Data Engineer

Salary: Base + Bonus + Benfits

Location: London, England, United Kingdom

Job Type: Full time

Data Engineer required with strong Python, SQL, Bash and R and Hadoop (HDFS/HIVE). As a Data Engineer you will collaborate with our Data Scientists and be responsible for the development and management of data acquisition and build systems that bring data in-house and the software that puts the insights into the hands of our investors.

Team Overview

The Data & Insights technology team was established in early 2015 with the aim of delivering data insights capabilities and tools to serve the analytics needs of the business.  Success has led to this team extending to a broader role within Schroders, including supporting the Data Insights Unit (“DIU”)

The DIU are a team of data scientists tasked with helping investors within Schroders (i.e.

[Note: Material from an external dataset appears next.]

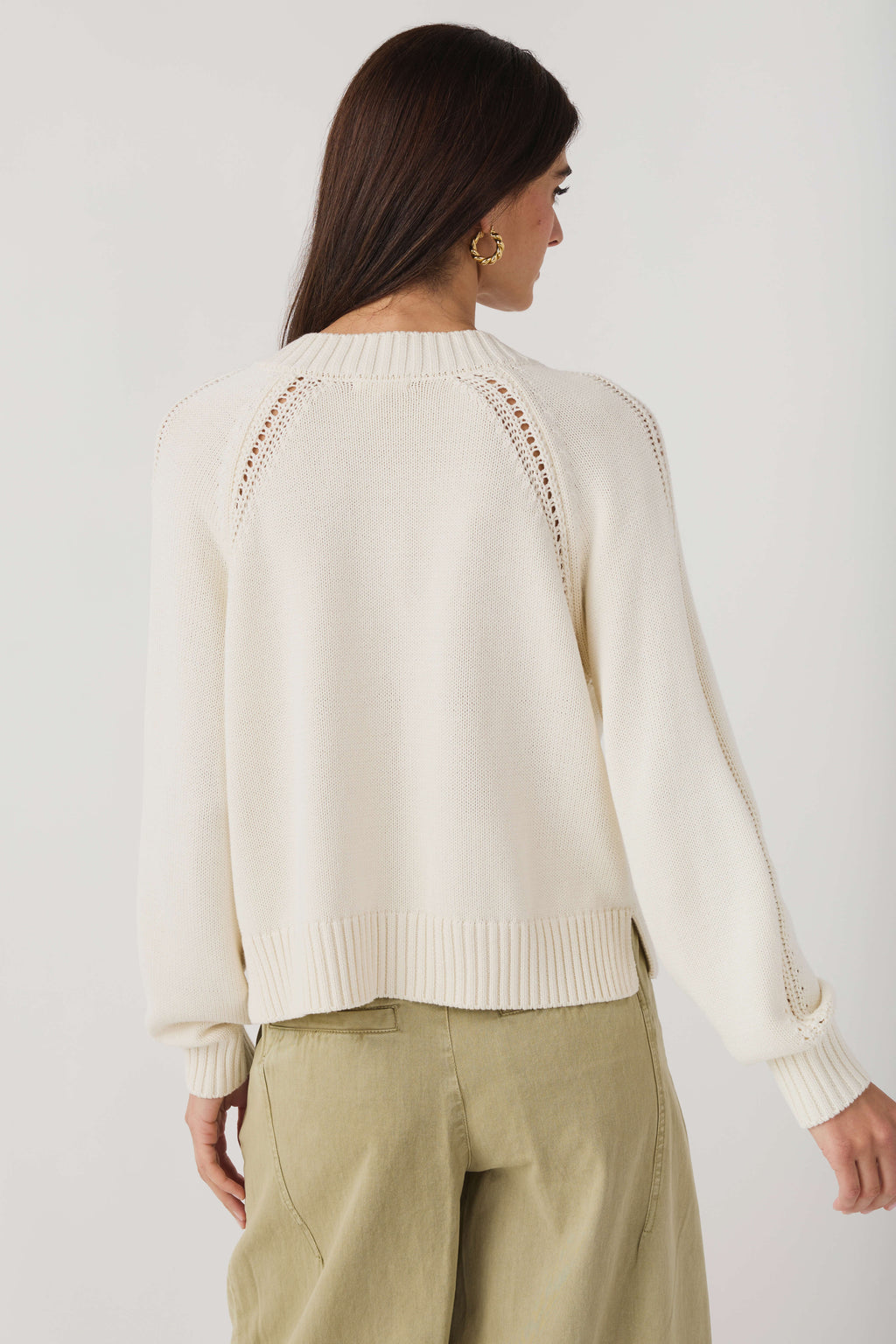 Women's light sand V-neck knit sweater, ribbed back hem and decorative dotted shoulders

Analysts and Fund Managers) make better investment decisions by better use of data.  The DIU typically works with historical data (e.g. share price etc) as well as new alternative data sets –essentially acting as an R&D department for Investment.

Overview of role

The data engineer will collaborate with our data scientists in our Data Insights Unit (the DIU) to create pipelines of information for the firm’s investors. Whilst the DIU’s data scientists test hypotheses and unravel the meaning within the data, the data engineer will build the systems that bring data in-house and develop the software that puts insights in the hands of the investors.

You will be responsible for the development and management of data acquisition and pipeline building activities, allowing us to bring together data sets from diverse sources including public sources, 3rd party vendors and internal data repositories. Familiarity with web, ftp, api, sql and related ETL technologies will thus be essential to the role.
For mature and well understood data sources, you will collaborate with the data scientists to convert their models into deployable software. Balancing the competing demands of enterprise compliance (security, approvals, deployment timelines etc.) with agility (enable the data scientists to continually adjust and adapt their models) will be essential at succeeding in this role.

This will enable DIU to use advanced analytical and statistical techniques to make connections between them and to answer important questions for the Investors. 
While the role’s primary focus is on data acquisition, pipelining, and software development; any experience in data science will increase your understanding of your customers needs and the constraints of their models, and thus contribute to your success in this role.

Role key responsibilities:

• This is a hands on role, building data pipelines and productionising advance analytics at Schroders.
• The person will ideally have strong technical skills in broad variety of data technologies across the stack including: Hadoop (HDFS/Hive), Python, SQL, Bash and R.
• Define and manage best practice in configuration and management of the data store. Ensure that all data and systems are managed with the highest regard for data security and upholding of our obligations to the vendors who license data to us.
• Work with IT to align as closely as possible with the rest of the business, whilst still ensuring that the data scientists are able to innovate, research, and act with agility.
• Work with Data & Insights Technology colleagues to create and optimise ETL and data enrichment processes to maximise the usefulness of data for a variety of purposes. Includes working out how best to ingest new data sources from new vendors, and where possible directly engaging with the vendor to improve their service for Schroders’ goals.

Skills / Experience

• Python
• Comfortable on the command line / shell scripting experience.
• Ability to take on and assimilate new ideas, assess the technology landscape and identify useful solutions, creative thinker.
• Delivery-oriented
• Some experience with Linux / Hadoop


• Excellent Maths at A Level.
• Relevant degree subject (e.g. Computer Science)
• Meaningful experience with multiple different types of Data Warehouse technologies
• Data preparation experience.
• Cloud-based data solution implementations (e.g. using AWS / Azure)
• Cloud-based data warehouse solutions (e.g. Amazon RedShift  / Google BigTable / SQL Server PDW)
• Asset Management / Investment practices
• Knowledge of tools within the BI landscape including modern reporting tools such as Tableau, Qlik or Microstrategy
• Familiarity with service design, self-serve and centre-of-excellence models.
• Familiarity with Test Driven Development or DevOps practices

Enterprise skills

• Understands data governance principles and is able to effectively engage with data governance practice.
• Understands typical enterprise concerns around data sharing, including awareness of legal, compliance, governance, information security etc.
• Familiarity with agile methodology.

Note To Agencies:

Schroders does not accept speculative CV’s from agencies. We do have a PSL who are invited to support us when required.  We only pay fees to agencies instructed to send CV’s and are submitted through our recruitment portal.  We do not pay fees on speculative or unsolicited CV’s sent to Schroders or Schroders employees and reserve the right to contact unsolicited CV’s directly.